European Shakespeares and Asia - 31 May 2009
Local/Global Shakespeares: 4th British Shakespeare Association Conference
King's College London & Shakespeare's Globe
11 – 13 September 2009
Seminar: Asian Shakespeares in Europe
From Ariane Mnouchkine's controversial "Orientalised" of Richard II in 1981 to Kenneth Branagh's Japanese-inflected As You Like It in 2006, from Yukio Ninagawa's Kabuki-Macbeth at the Edinburgh Festival in 1985 to Eugenio Barba's and Ong Keng Sen's adaptations of Hamlet with Euro-Asian casts at the Kronborg castle's Hamlet Sommer festival (2006; 2002), and from the Kathakali King Lear at the London Globe in 1999 to David Tse's bilingual King Lear at the RSC Complete Works festival in 2006, there is a rich history of interactions between Shakespeare performance and Asian idioms in Europe.

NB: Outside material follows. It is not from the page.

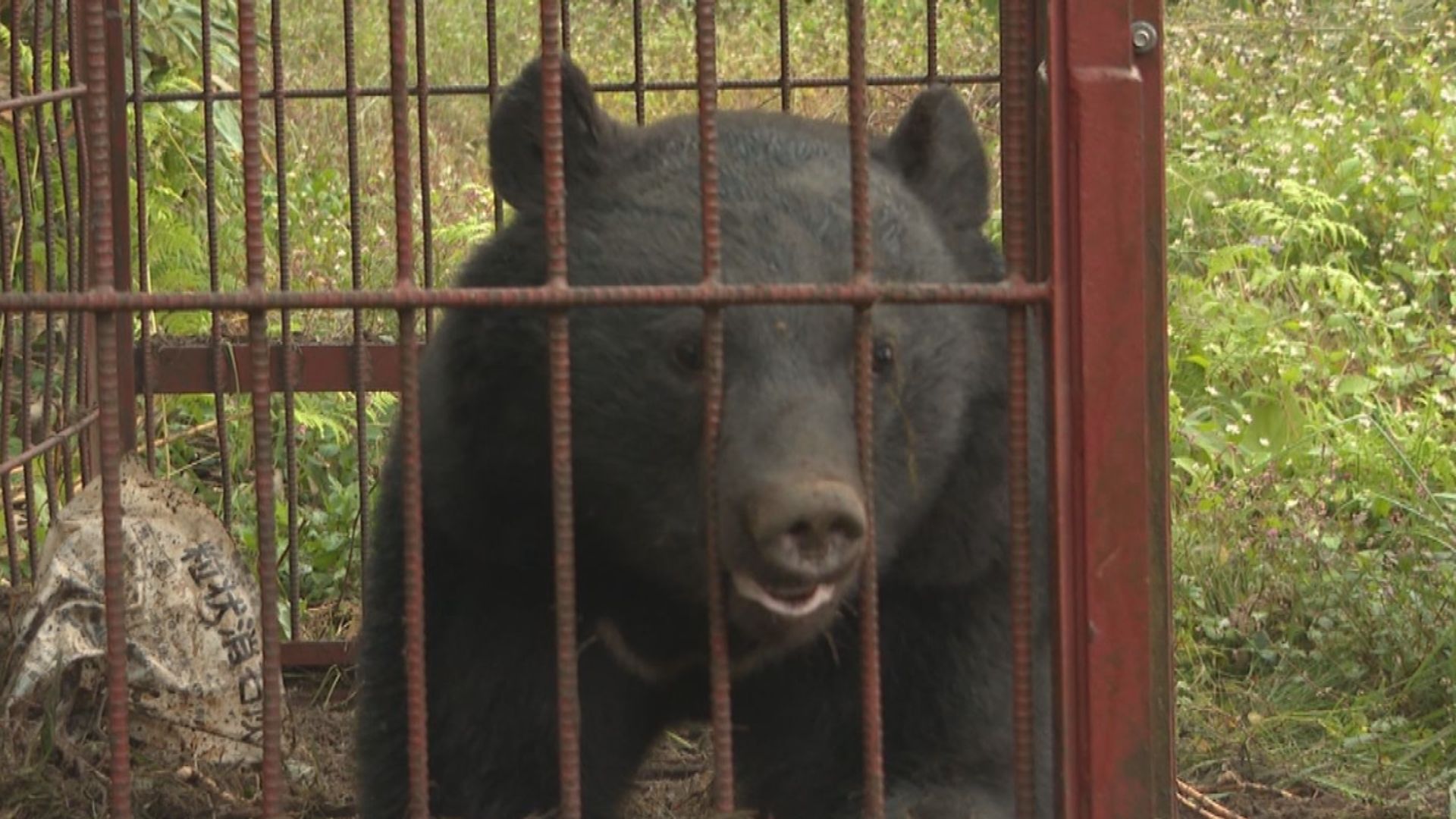 クマに襲われ5人が重軽傷 イノシシも出没 農作物への被害相次ぐ 今年の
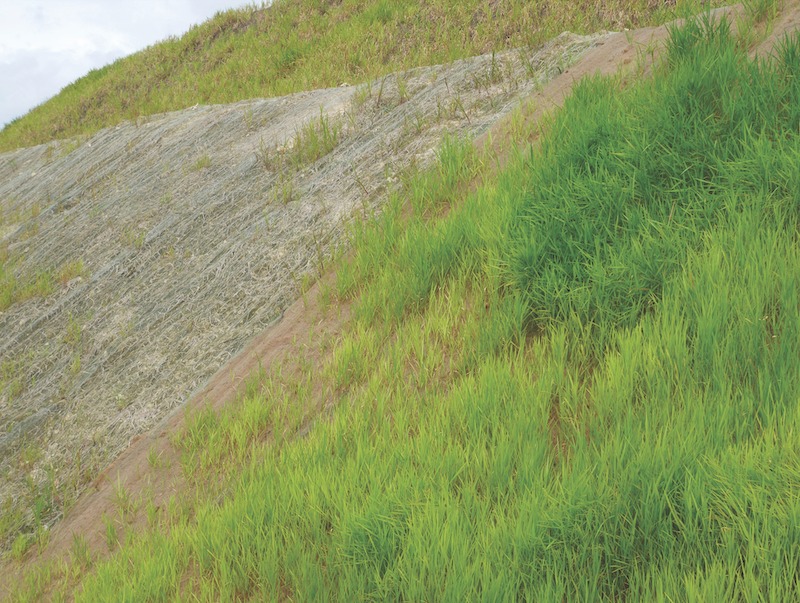 1654813688690-erosioncover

The recent influx of people of Asian descent into Great Britain and Western Europe has fuelled cross-cultural blending, imposition, and appropriation. Whether "made in Europe" or "imported from Asia," these performances have compelled Anglo-European audiences to negotiate the unfamiliar and foreign forms of the familiar and "local" canon that is Shakespeare.
Papers on critical issues raised by Asian-themed Shakespearean performance in Europe are invited. What resources are available in critical theory that we might bring to bear on the connections and disjuncture between Asian Shakespeares in Europe and more traditionally-defined national Shakespeares around the world? Papers may address but should not be limited to questions such as: Does watching bilingual or multilingual Shakespeares–through subtitles or surtitles–overcome or reinforce cultural boundaries? Are such encounters with otherness (other Asia, other Shakespeares) legitimising local reading positions or the operation of cultural imperialism?